Ayah Liyas
Nama sebenarnya Ilyas H Yusuf, pria kelahiran 1949.
Aku mengenalnya lebih dekat pada tahun 2001, tatkala aku menjabat sebagai
Asisten II Setdakab Bireuen. Waktu itu terkesan Ayah Liyas cukup kasar dan
beringas. Pada saat itu pula ianya datang ke ruang kerjaku bersama beberapa
orang senior di Bireuen, termasuk Bang Safwan Razak. Aku layani mereka
selayaknya orang tua yang patut kuhargai. “Kali ini Ayah dapat proyek
pemasangan pipa di Matang,” katanya seraya menceritakan pengalamannya di masa
lalu. Aku membahas teknis perpipaan, sambil kelakar dan membuatnya bingung.
Ayah Liyas, 2006 |
Suatu ketika di tahun itu juga, Pak Sekda Hasan
Basri Djalil minta tolong carikan dana untuk PSSB sebesar Rp 9 juta, karena aku
bendahara di organisasi sepak bola itu. Lumayan, aku bingung hari itu karena
selaku Asisten II, praktis aku lebih banyak duduk di ruangan sesuai fungsiku sebagai
staf administrasi. Lantas kuberanikan diri mengungkap kepada Ayah Liyas. “Gampang,
kecil,” katanya panjang. “Berapa perlu,” katanya. Kujawab sesuai permintaan Pak
Sekda. “Bentar,” katanya. Tak lama kemudian Ayah Liyas kembali membawa uang
sejumlah yang diperlukan dalam bungkusan koran. “Kapan dibayar ni Ayah?,”
tanyaku. “Nggak usah pikir bayar, kapan ada aja,” sahutnya singkat.Aku semakin heran atas sikap Ayah, karena baru saja
akrab denganku. Semakin hari hubunganku dengan Ayah Liyas semakin akrab,
apalagi tatkala saling bahas tentang premanisme.
Ayah Liyas bercerita, bahwa ia telah mengenalku
jauh hari dari pertemuan itu. “Ayah kenal dari Pak Wan dan Apatuk,” katanya. “Jadi Ayah nggak
perlu sangsi dengan Razuardi,” jelasnya lagi. Sejak itu aku sering ke rumah
Ayah Liyas, minimal sebagai jaminan diri atas pinjaman Pak Sekda. Pada tahun
2002, aku dipindahkan oleh Pak Mustafa A Glanggang ke Disprindagop. Karena banyak
waktu luang di posisi itu, aku makin sering ke rumah Ayah Liyas, bahkan
menginap di situ bila musim mogok tiba. Sesekali kami pergi bertandang ke rumah
Ayah Asyeik, abangnya, sekedar main-main dan kelakar di sana.

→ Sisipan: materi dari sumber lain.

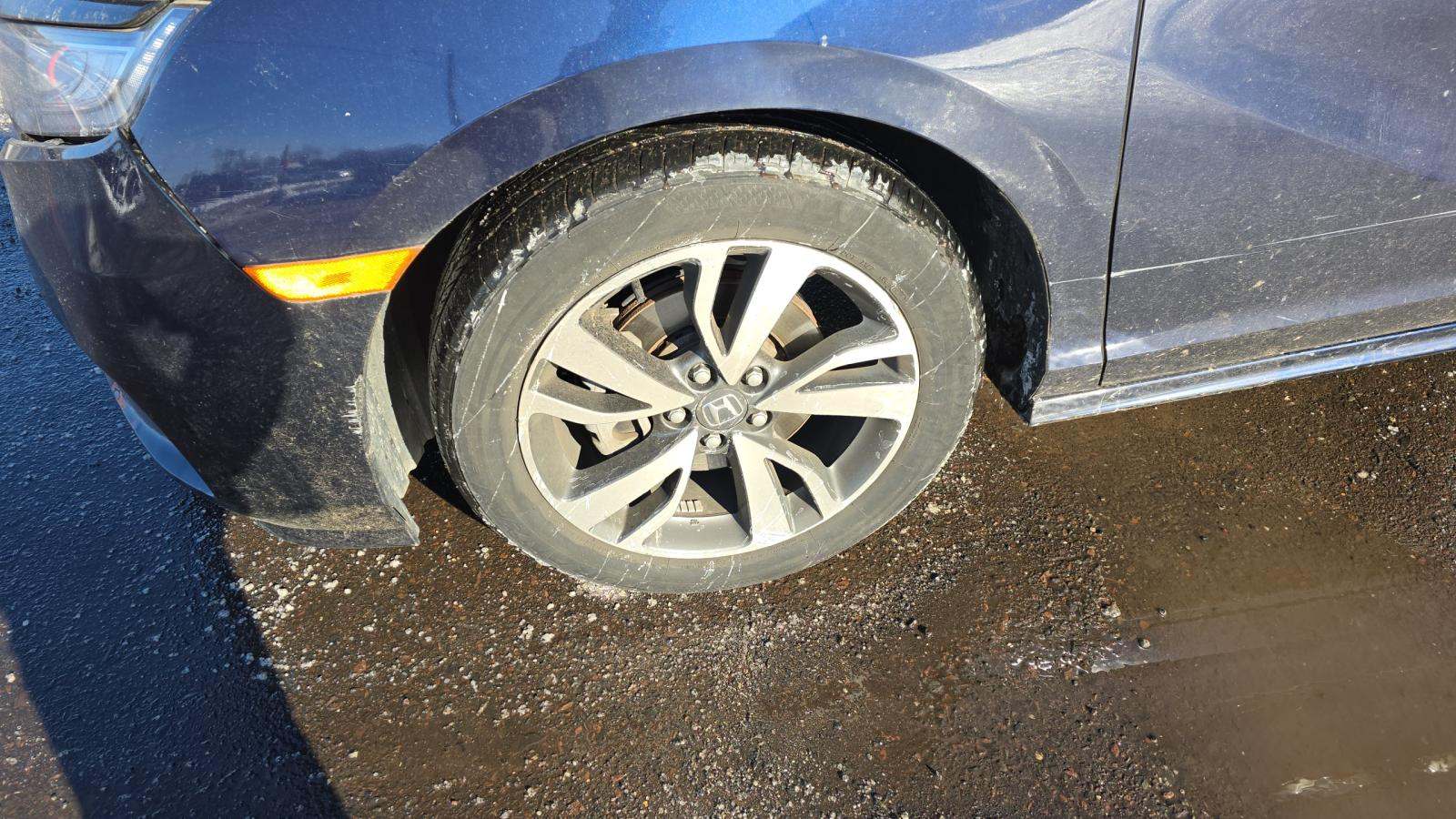 2023 Honda Odyssey Touring FWD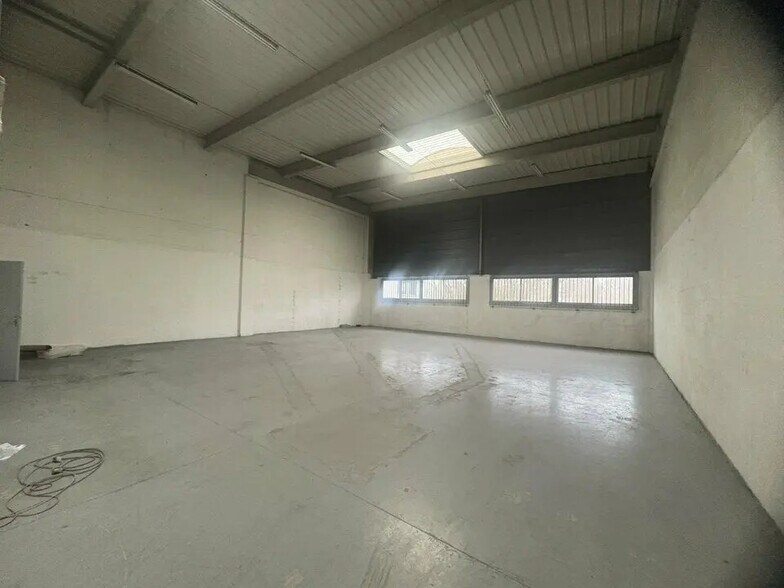 Light Industrial in Champs-sur-Marne to rent - Interior Photo - Image 2 of 4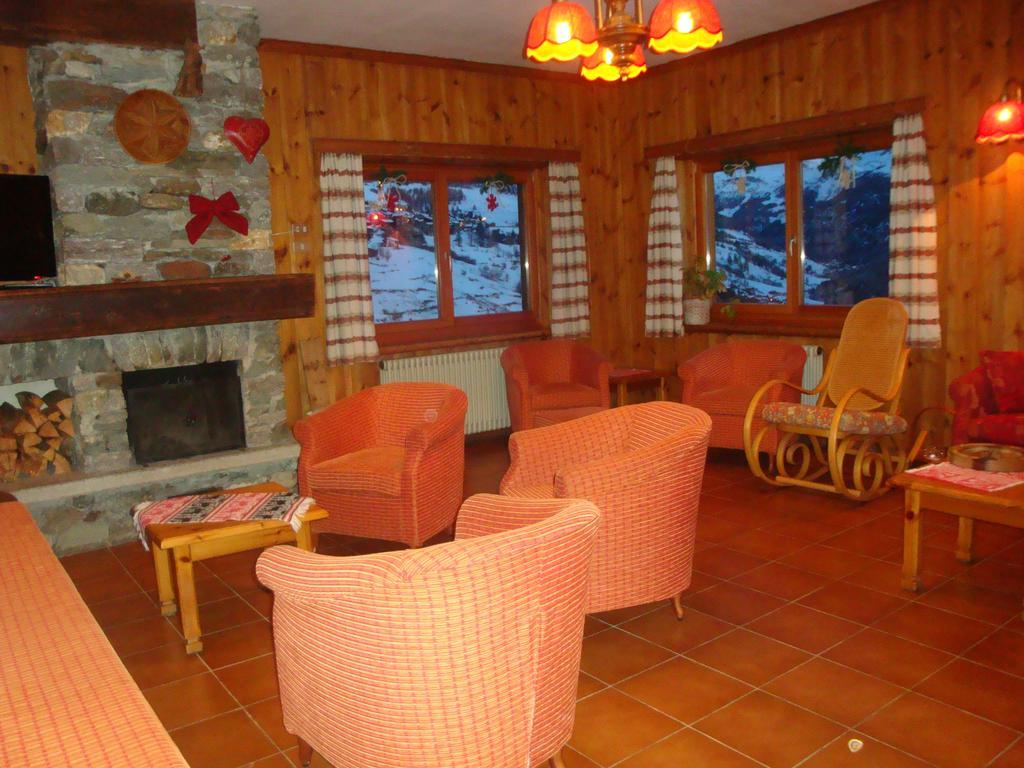 Hotel Alpe Fleurie Чамполук Екстериор снимка
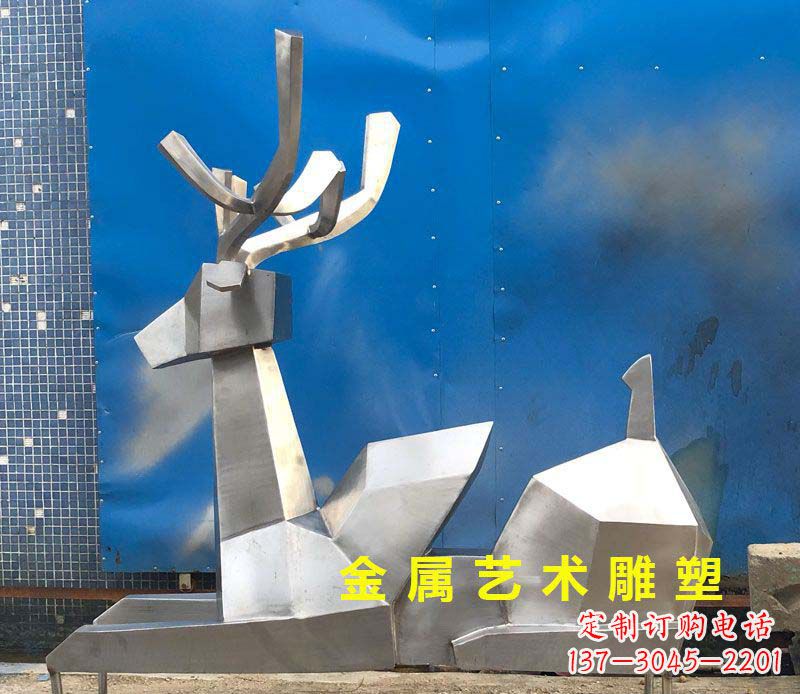 广州不锈钢别墅几何鹿雕塑——别出心裁的艺术灵感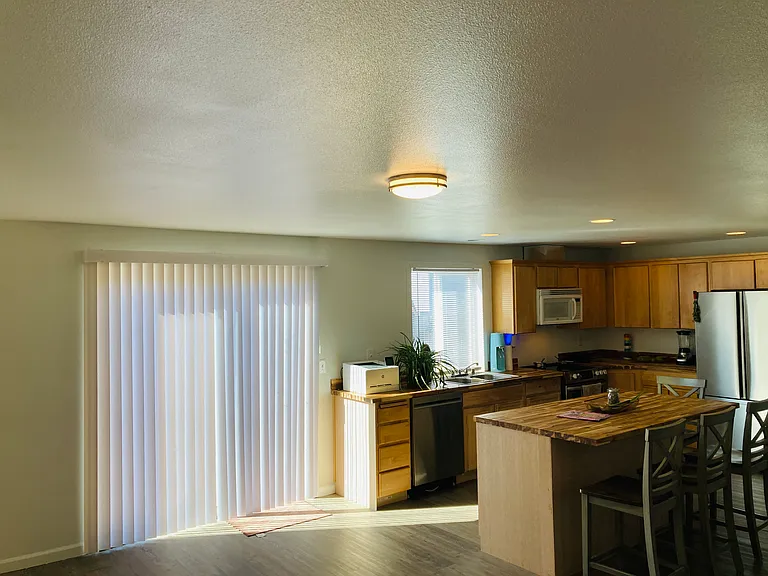 2020 Perch Ave — Photo 12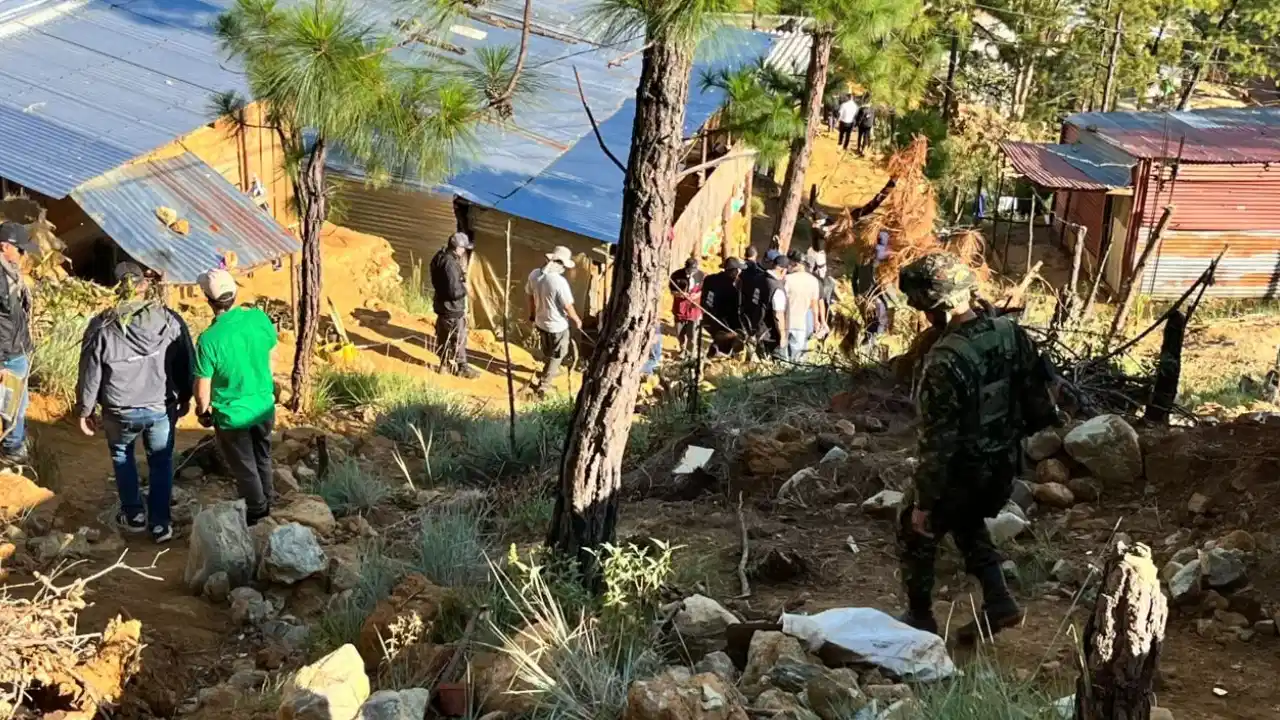 ¡Pilas con el Cerro Quitasol! Bello revisó nacimientos de agua y posibles afectaciones en la zona 4 ¡Pilas con el Cerro Quitasol! Bello revisó nacimientos de agua y posibles afectaciones en la zona
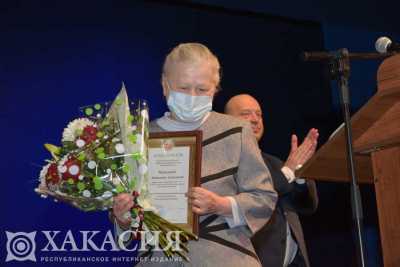 В Хакасии сотрудникам «скорой помощи» вручили награды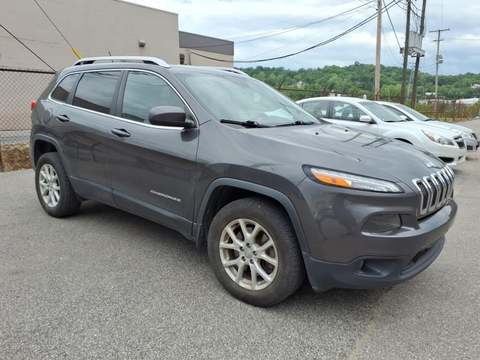 2017 Jeep Cherokee.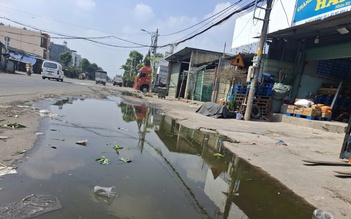 Nghẹt cống, nước thải tràn ra đường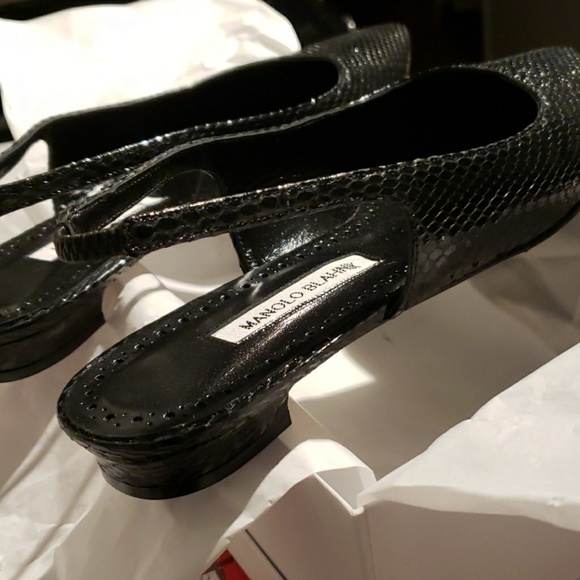 Manolo Blahnik Allura Flat - Picture 2 of 4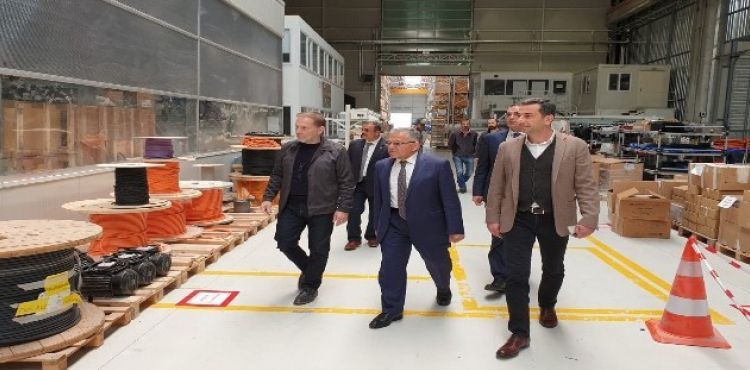 Başkan Büyükkılıç, Bakan akar ile görüştü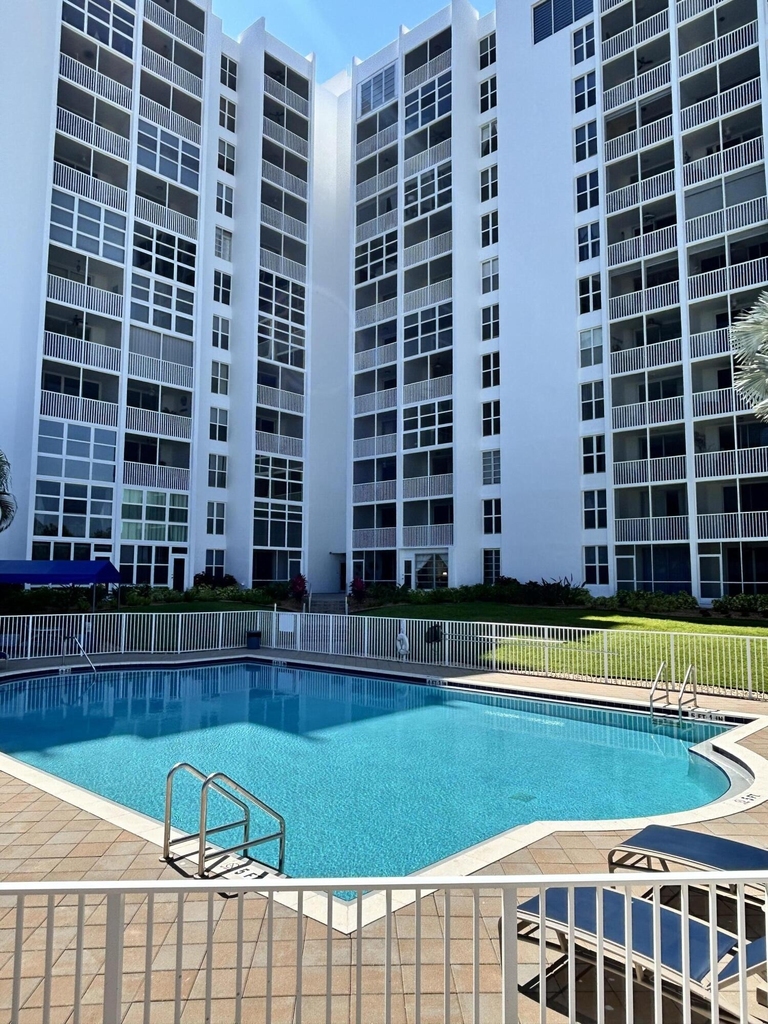 1391 S Ocean Boulevard - Photo 26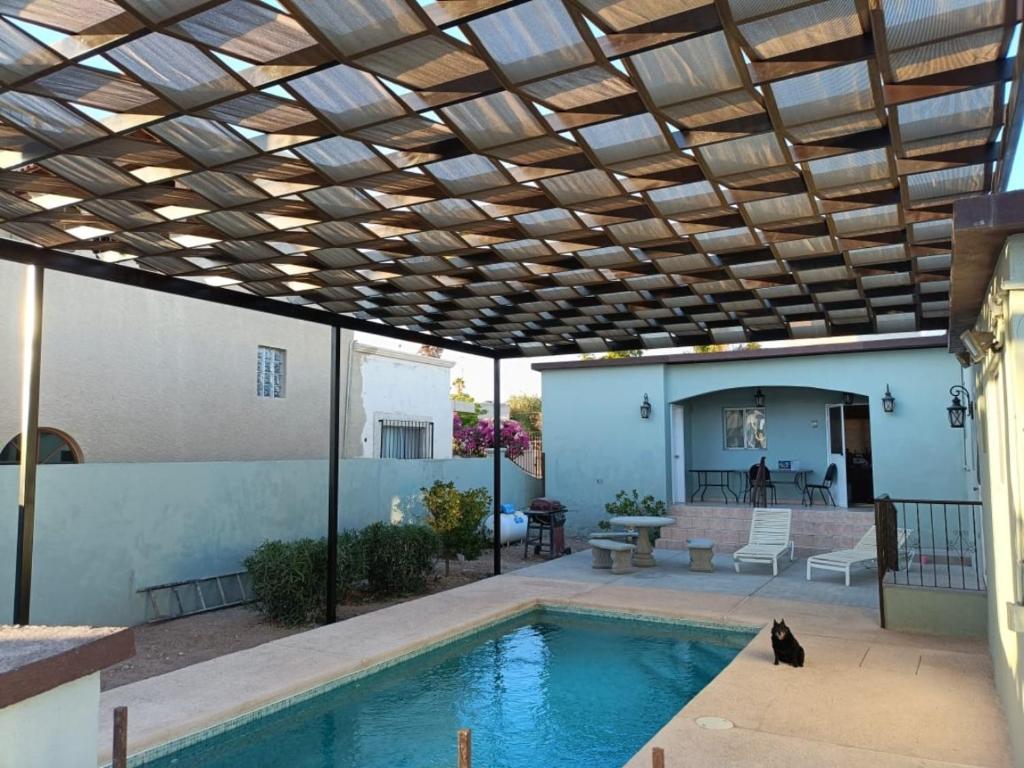 un patio con piscina y techo de madera en Almejas A en San Carlos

Hingga pada tahun 2006, aku, Ayah Liyas, berserta
beberapa kerabat lain menjadi panitia pembangunan mesjid di Dayah darul
Istiqamah, sebelah halaman rumahnya, di Geulanggang Teungoh, Bireuen. Ayahpun semakin banyak mengenal para
penceramah dan guru mengaji. Setiap Jum’at aku shalat di Mesjid Darul Istiqamah
bersama Ayah dan usai shalat kami makan siang bersama khatib di rumah Ayah.